# Suddenly Getting Lots of Ads



## Crimea_River (Nov 11, 2019)

Thought I had an ad blocker but now getting 4 ads that go across and through the thread lists. Annoying.

What ad blockers are safe with this site?


----------



## vandee (Nov 11, 2019)

Tis the "Season"...ho ho ho?- John


----------



## rochie (Nov 11, 2019)

Crimea_River said:


> Thought I had an ad blocker but now getting 4 ads that go across and through the thread lists. Annoying.
> 
> What ad blockers are safe with this site?

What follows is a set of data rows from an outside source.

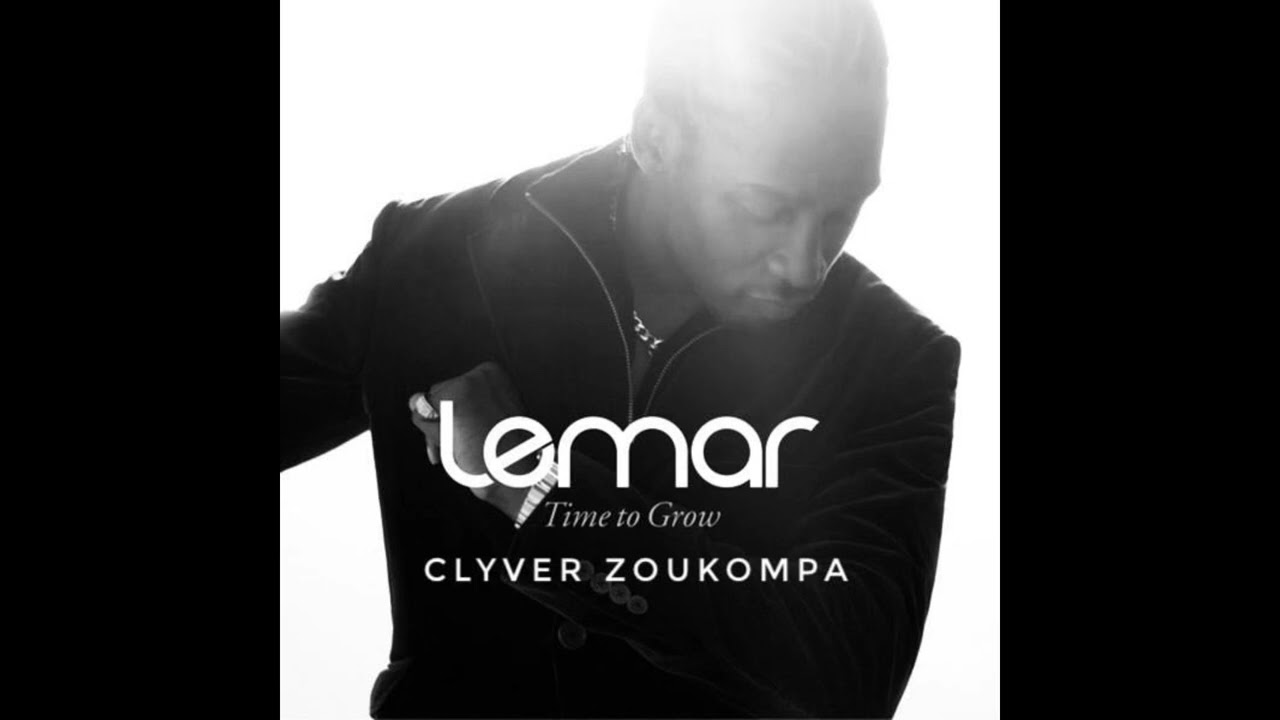LEMAR - TIME TO GROW ( CLYVER ZOUKOMPA ) 2025 !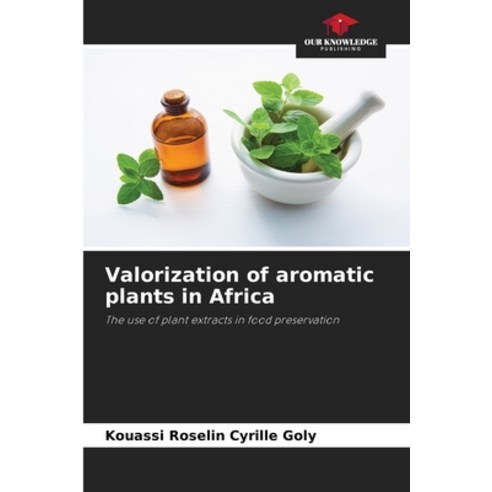 (영문도서) Valorization of aromatic plants in Africa Paperback, Our Knowledge Publishing, English, 9786205785041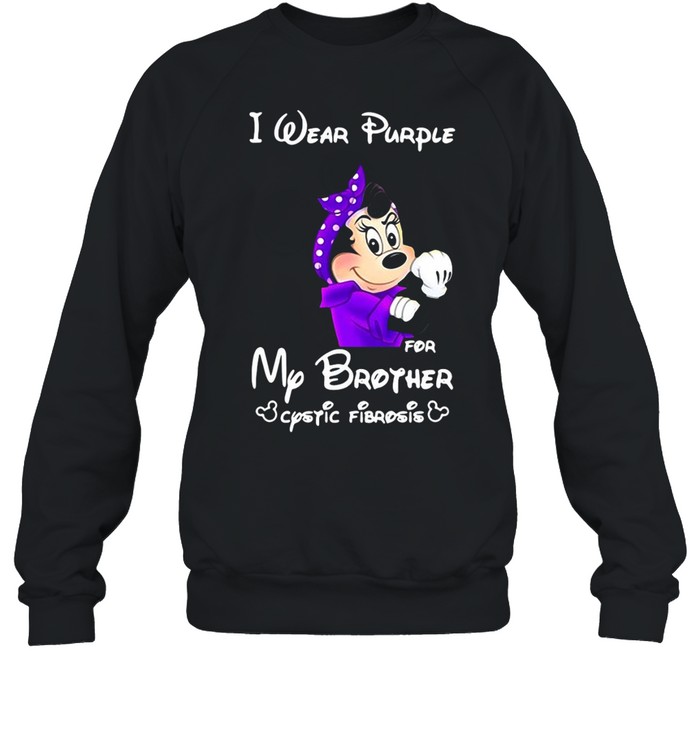 Mickey I Wear Purple For My Brother Cystic Fibrosis T-shirt Unisex Sweatshirt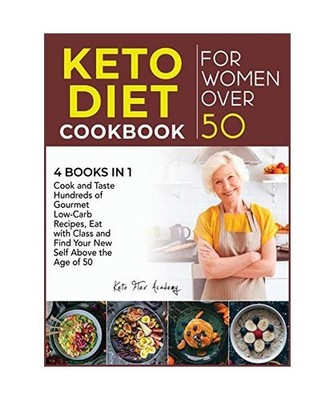 Keto Diet Cookbook for Women Over 50 [4 books in 1]: Cook and Taste Hundreds of 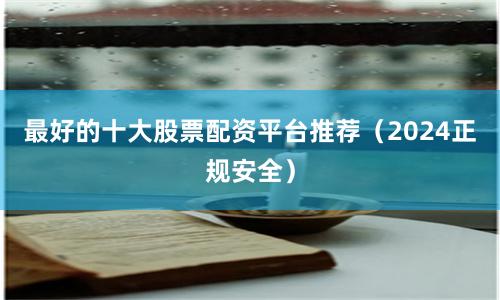 最好的十大股票配资平台推荐（2024正规安全）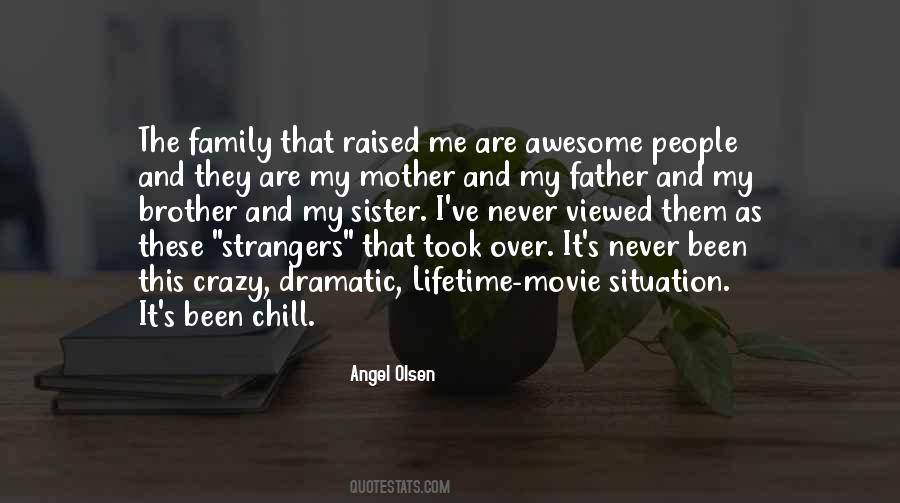 Quotes About Crazy Family #654242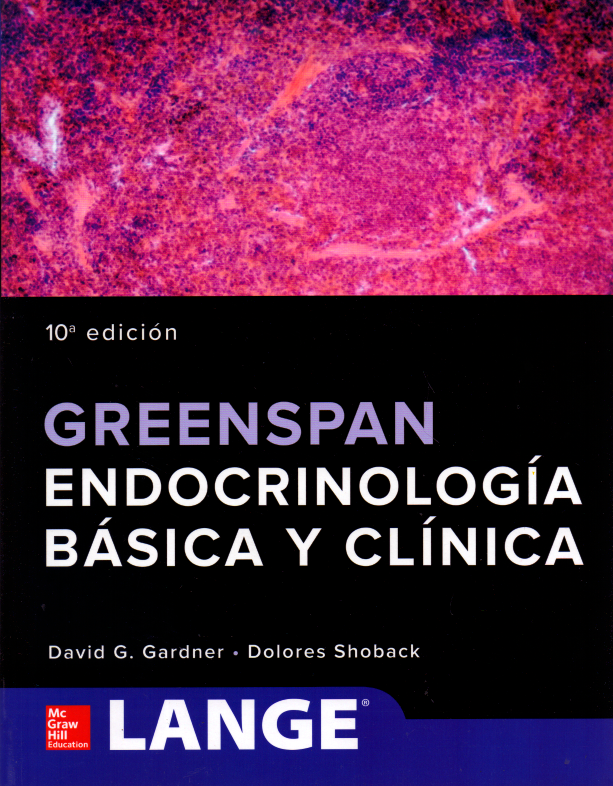 Gardner G. David. Greenspan. Endocrinología básica y clínica LANGE. 10a ed. 2018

Me too suddenly started this afternoon


----------



## pbehn (Nov 11, 2019)

They must find the one person on the planet who hasn't heard of Game of Thrones before Christmas.

Reactions: Funny Funny:
1 | Winner Winner:
1 | Like List reactions


----------



## N4521U (Nov 11, 2019)

Mine says Ad Blocker Ultimate!!!!
Whatever That means........


----------



## vikingBerserker (Nov 11, 2019)

pbehn said:


> They must find the one person on the planet who hasn't heard of Game of Thrones before Christmas.


 
 I just bought a shirt that says: "I drink bourbon and know things"

Reactions: Like Like:
1 | Funny Funny:
1 | Like List reactions


----------



## Gnomey (Nov 12, 2019)

They do seem much more intrusive than previously...


----------



## vandee (Nov 12, 2019)

What's "Game of Thrones"? Anything like Operation?-John


----------



## mikewint (Nov 12, 2019)

Same here, suddenly I get a listing of 5 threads then a large ad, 5 more threads then the exact same ad again, 5 more threads and the ad again.
I vote S. I. A. : Schmerzen im Arsch


----------



## pbehn (Nov 12, 2019)

vandee said:


> What's "Game of Thrones"? Anything like Operation?-John


 From what I heard its Robin hood meets star wars but shot mostly in the dark.


----------



## Crimea_River (Nov 12, 2019)

George pointed me to Adblocker Plus and it works a treat. Now gotta sort it for my phone


----------



## vandee (Nov 12, 2019)

I don't seem to have the ad problems. I know Firefox and McAffee block them plus I
have Malware. I also stopped going to a few sites that are pop up havens. I only go to
2 modeling blog sites. There are some that are nothing but trash!- John


----------



## fubar57 (Nov 12, 2019)

I don’t seem to get ads on my phone when I’m logged on and I don’t have the app. If I’m not logged on, I will hit one relevant ad to help support the site .....


----------